それはさておき、食品衛生法では、実質的に全ての食品事業者が「HACCPに沿った衛生管理」を実施しなければならなくなりました。
そして、事業者は「HACCPに基づく衛生管理」と「HACCPの考え方を取り入れた衛生管理」に取り組むこととされています。どちらに取り組むかのボーダーラインは「食品取り扱い従事者:50人」のようです。
ただし、「50人」という境目の根拠は、どうにも曖昧と言わざるを得ません。
2018年に改正食品衛生法が公布される前、厚生労働省では技術検討会で議論を重ねてきました。その議論の中で、「事業規模」と「専任の品質管理担当者の設置状況」の調査がされました。そこで、専任の品質管理担当者の配置割合は「食品取り扱い従事者が50人いる事業所では9割、200人以上では10割」という状況が確認されました。著者の知る限り、「50人」の根拠は、これしか知りません。
ただし、「50人未満の場合は『HACCPの考え方を取り入れた衛生管理』に取り組むこと」と捉えるのは間違いです。
50人以上は「HACCPに基づく衛生管理」に取り組まなければなりません。
一方、50人未満は「HACCPに基づく衛生管理」でも「HACCPの考え方を取り入れた衛生管理」でも、どちらでも構わないのです。
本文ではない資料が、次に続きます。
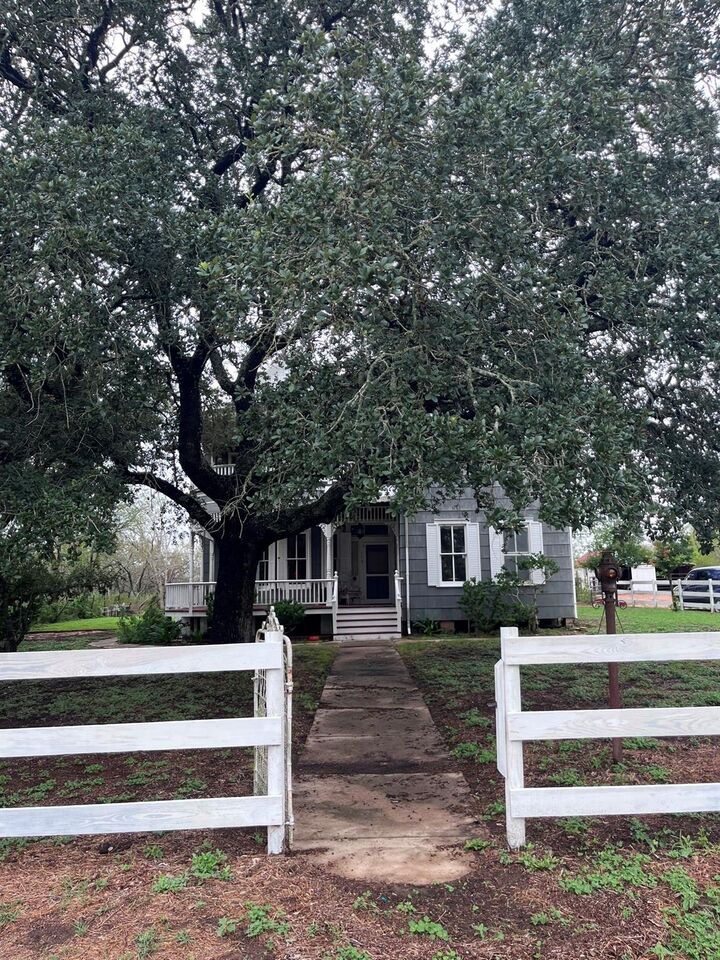 Property Photo: 115 NW 5th Street NW TX 78959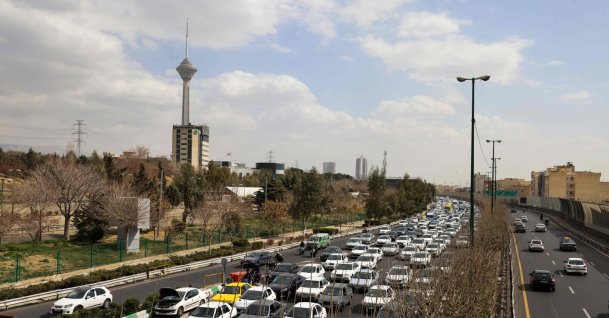 Motorists make their way along a street amid U.S., Israeli strikes, in Tehran, Iran, Feb. 28, 2026. (AFP Photo)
だったら、「HACCPに基づく衛生管理」に取り組んだ方が、取引先からは「しっかりした衛生管理をしていますね」と信頼してもらえるのではないでしょうか?
でも中小・零細では「HACCPに基づく衛生管理」は難しい? それは違います。ハザード分析を実施して、重大なハザードが見つかった時には、そこに合理的な管理方法を確立できれば、それは「HACCPに基づく衛生管理」です。温度と時間を自動制御・自動監視できる機器が必要が絶対に必要なのではありません。金属探知機が絶対に必要なわけではありません。
そこで大事なのは、「フレキシビリティ(柔軟性、弾力性)のあるHACCPの運用」です。フレキシビリティについては、別途お話します。
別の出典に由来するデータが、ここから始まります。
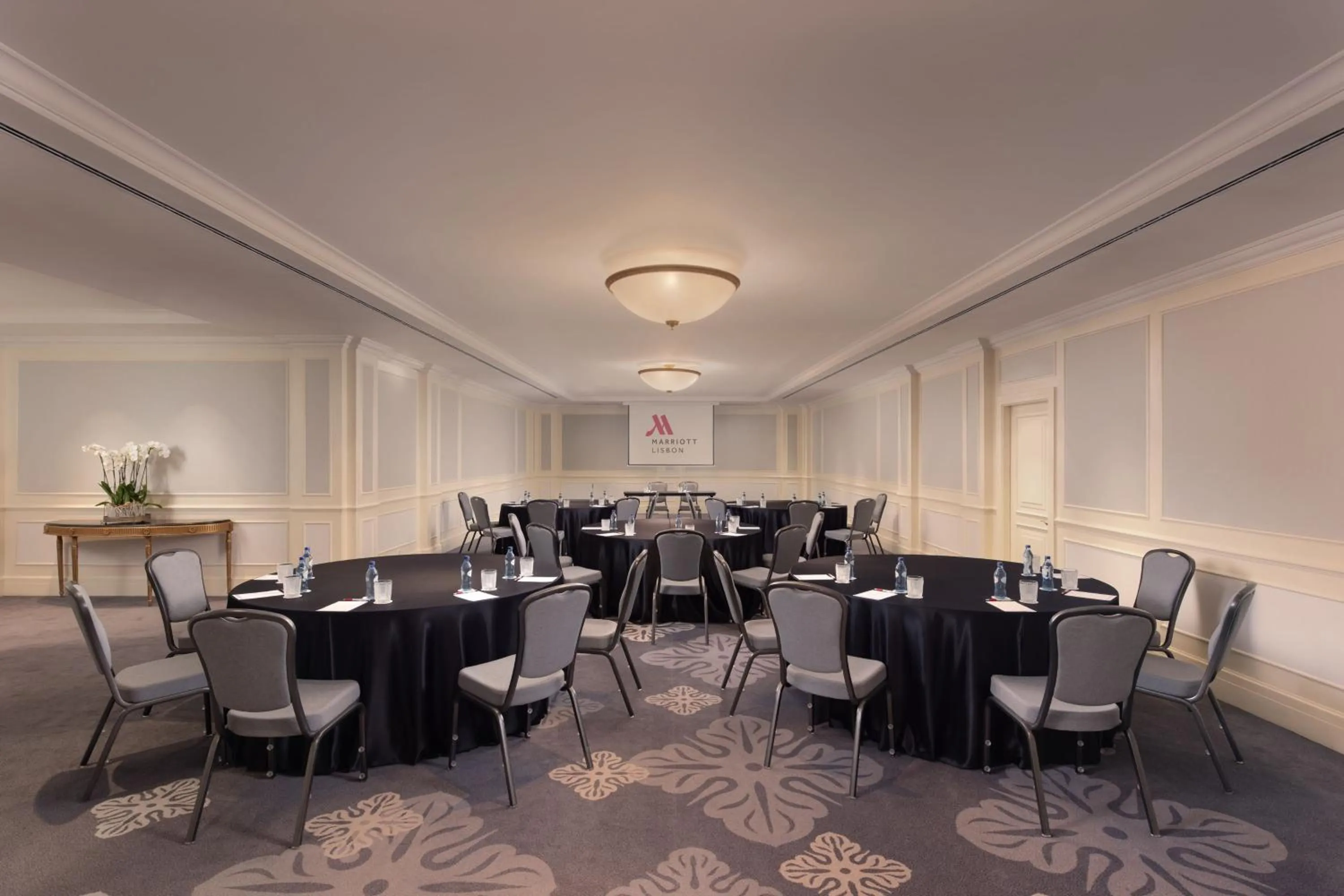 Meeting/conference room in Lisbon Marriott Hotel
ここでは、「業界団体などが作成する『手引書』は、フレキシビリティの一例に過ぎない」「手引書だけが『HACCPの考え方を取り入れた衛生管理』へのアプローチではない。手引書を参考にしないという選択肢もある」とお伝えしておきます。
今回、お伝えしたいのは、「従業員50人未満の事業者であっても『HACCPに基づく衛生管理』に取り組むことはできる」ということです。
そもそも、食中毒の発生リスクが、従事者数で変化するわけがありません。O157やサルモネラ属菌など、重大な食品安全ハザードが考えられるのであれば、従業員数が1人だろうが2人だろうが、CCPのような管理をしなければ、事業者は安心して出荷できないはずです。
どのようなハザードがあり、どのようにハザードを制御するかは、従業員の人数で決まるわけがありません。リスクの大きさは、個々の事業者が評価・判断しなければなりません。
例えば、飲食店が店舗で提供する食事、目の前でお客様がすぐに食べてしまう食事は「HACCPの考え方を取り入れた衛生管理」で十分かもしれません。
しかし、それと同じ料理をテイクアウトや弁当販売する場合、微生物制御の考え方はまったく別物になるかもしれません。そうしたテイクアウトや弁当の安全性を確保するには、「HACCPに基づく衛生管理」でアプローチすることを考える必要があるかもしれません。
もし、自分の会社に「重大な食品安全ハザード」「重大な食品安全のリスク」が想定されるのであれば、しっかりとHACCPの7原則を適用すべきではないでしょうか? もし、重大な食中毒を起こした時に、「『HACCPに基づく衛生管理』を運用していました」「手引書のとおりに管理していました」と説明しても、おそらく取引先や消費者は納得してはくれないでしょう。